(PROBLEM TO WORK ON) Would you return, word for word, the lines of the data below from the line with "Vintage Jesus The" through the line with "Holo Agate |", and no others?

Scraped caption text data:
BEGIN
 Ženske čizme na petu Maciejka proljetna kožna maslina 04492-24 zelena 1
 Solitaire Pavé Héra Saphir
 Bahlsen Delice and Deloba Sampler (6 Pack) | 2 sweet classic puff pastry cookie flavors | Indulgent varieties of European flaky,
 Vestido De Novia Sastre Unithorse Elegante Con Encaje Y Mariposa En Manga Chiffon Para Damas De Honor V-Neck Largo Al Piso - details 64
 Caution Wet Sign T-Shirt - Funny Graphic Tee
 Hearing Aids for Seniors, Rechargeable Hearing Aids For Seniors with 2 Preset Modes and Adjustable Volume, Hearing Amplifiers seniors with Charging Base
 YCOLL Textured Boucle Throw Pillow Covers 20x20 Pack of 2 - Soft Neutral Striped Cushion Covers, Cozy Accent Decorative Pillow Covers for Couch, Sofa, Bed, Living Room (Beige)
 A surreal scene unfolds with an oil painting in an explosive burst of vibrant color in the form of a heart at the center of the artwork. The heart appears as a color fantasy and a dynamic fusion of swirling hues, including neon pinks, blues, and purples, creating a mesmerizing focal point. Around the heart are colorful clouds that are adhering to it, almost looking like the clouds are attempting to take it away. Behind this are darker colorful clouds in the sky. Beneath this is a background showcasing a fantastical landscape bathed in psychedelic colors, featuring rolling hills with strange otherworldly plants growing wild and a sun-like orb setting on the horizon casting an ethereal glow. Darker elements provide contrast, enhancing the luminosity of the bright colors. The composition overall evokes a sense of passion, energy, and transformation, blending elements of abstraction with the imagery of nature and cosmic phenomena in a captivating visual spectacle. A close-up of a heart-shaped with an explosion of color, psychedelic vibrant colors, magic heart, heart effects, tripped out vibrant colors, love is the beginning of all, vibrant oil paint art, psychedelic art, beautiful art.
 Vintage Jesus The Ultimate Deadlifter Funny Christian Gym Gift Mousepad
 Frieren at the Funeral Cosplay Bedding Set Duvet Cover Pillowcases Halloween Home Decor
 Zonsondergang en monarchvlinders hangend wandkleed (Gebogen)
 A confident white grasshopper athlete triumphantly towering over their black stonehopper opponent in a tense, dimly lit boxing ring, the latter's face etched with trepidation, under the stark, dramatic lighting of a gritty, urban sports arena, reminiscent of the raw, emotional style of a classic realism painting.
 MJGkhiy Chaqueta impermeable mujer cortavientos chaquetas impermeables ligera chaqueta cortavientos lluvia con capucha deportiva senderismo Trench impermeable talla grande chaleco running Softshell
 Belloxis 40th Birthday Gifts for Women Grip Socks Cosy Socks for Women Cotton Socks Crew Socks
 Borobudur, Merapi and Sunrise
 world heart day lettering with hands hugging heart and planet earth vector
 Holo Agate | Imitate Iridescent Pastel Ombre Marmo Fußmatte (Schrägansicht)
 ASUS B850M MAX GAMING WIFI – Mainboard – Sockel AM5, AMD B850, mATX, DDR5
END
(SOLUTION)
 Vintage Jesus The Ultimate Deadlifter Funny Christian Gym Gift Mousepad
 Frieren at the Funeral Cosplay Bedding Set Duvet Cover Pillowcases Halloween Home Decor
 Zonsondergang en monarchvlinders hangend wandkleed (Gebogen)
 A confident white grasshopper athlete triumphantly towering over their black stonehopper opponent in a tense, dimly lit boxing ring, the latter's face etched with trepidation, under the stark, dramatic lighting of a gritty, urban sports arena, reminiscent of the raw, emotional style of a classic realism painting.
 MJGkhiy Chaqueta impermeable mujer cortavientos chaquetas impermeables ligera chaqueta cortavientos lluvia con capucha deportiva senderismo Trench impermeable talla grande chaleco running Softshell
 Belloxis 40th Birthday Gifts for Women Grip Socks Cosy Socks for Women Cotton Socks Crew Socks
 Borobudur, Merapi and Sunrise
 world heart day lettering with hands hugging heart and planet earth vector
 Holo Agate | Imitate Iridescent Pastel Ombre Marmo Fußmatte (Schrägansicht)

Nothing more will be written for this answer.